**WHAT YOU WILL DO**
Further down are entries; set down exactly and only the lines from the one with "Contemporary architect-designed house" up to and including the one with "ALEXANDRIA KNOLLS - Residential", dropping each picture.

**DATASET RECORDS**
==========

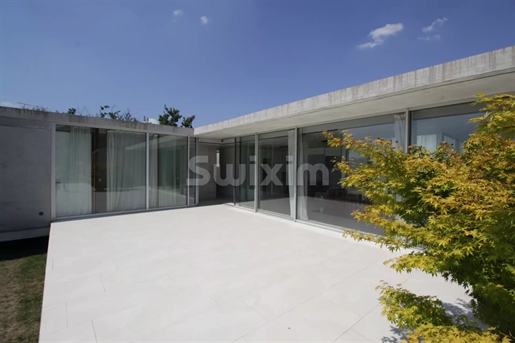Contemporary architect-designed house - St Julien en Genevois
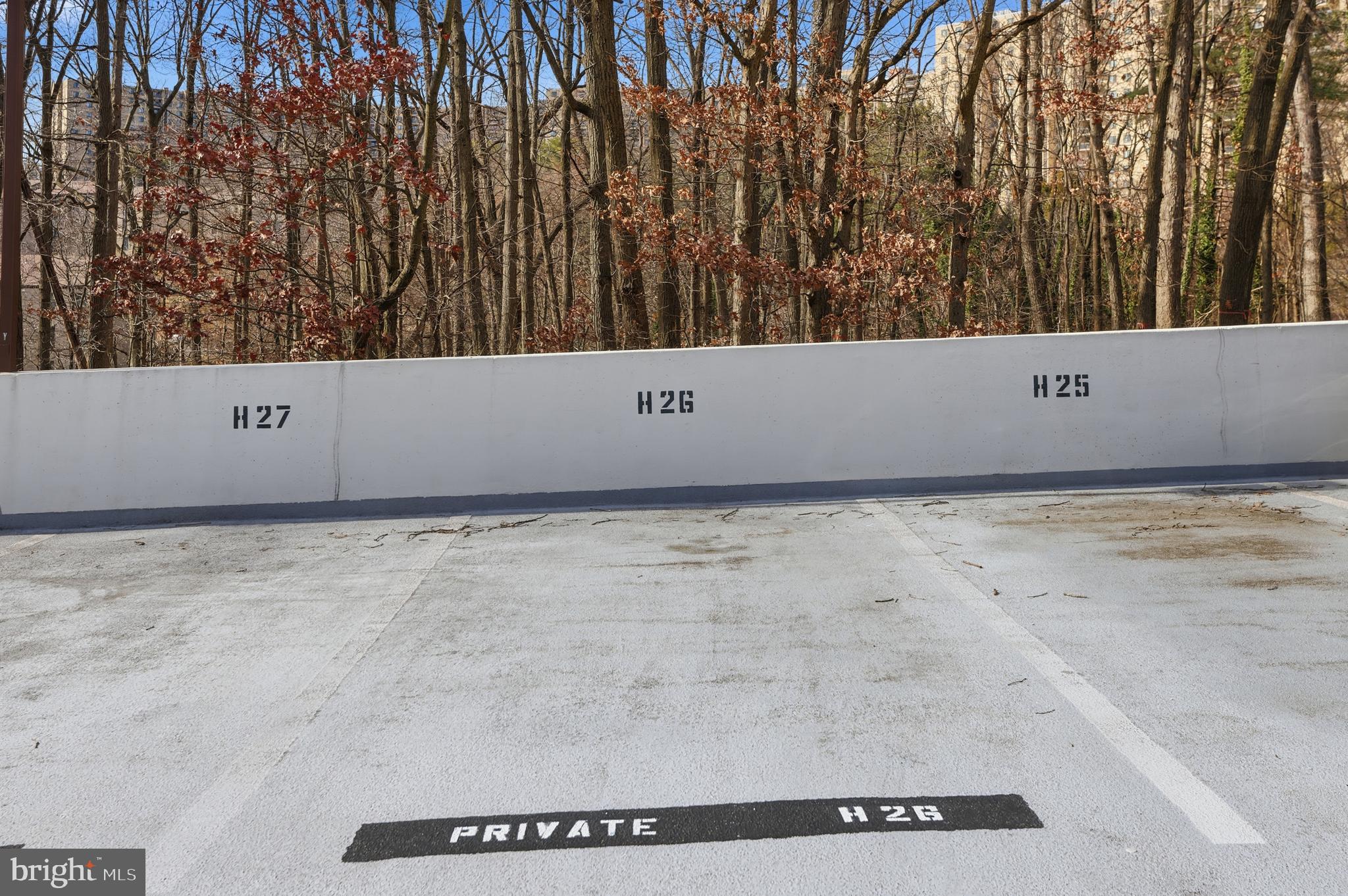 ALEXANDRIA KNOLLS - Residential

==========

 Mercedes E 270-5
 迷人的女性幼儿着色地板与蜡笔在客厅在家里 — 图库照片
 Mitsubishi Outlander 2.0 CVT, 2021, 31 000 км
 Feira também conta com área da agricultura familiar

==========

**OUTPUT FOR THIS EXERCISE**
Contemporary architect-designed house - St Julien en Genevois
 ALEXANDRIA KNOLLS - Residential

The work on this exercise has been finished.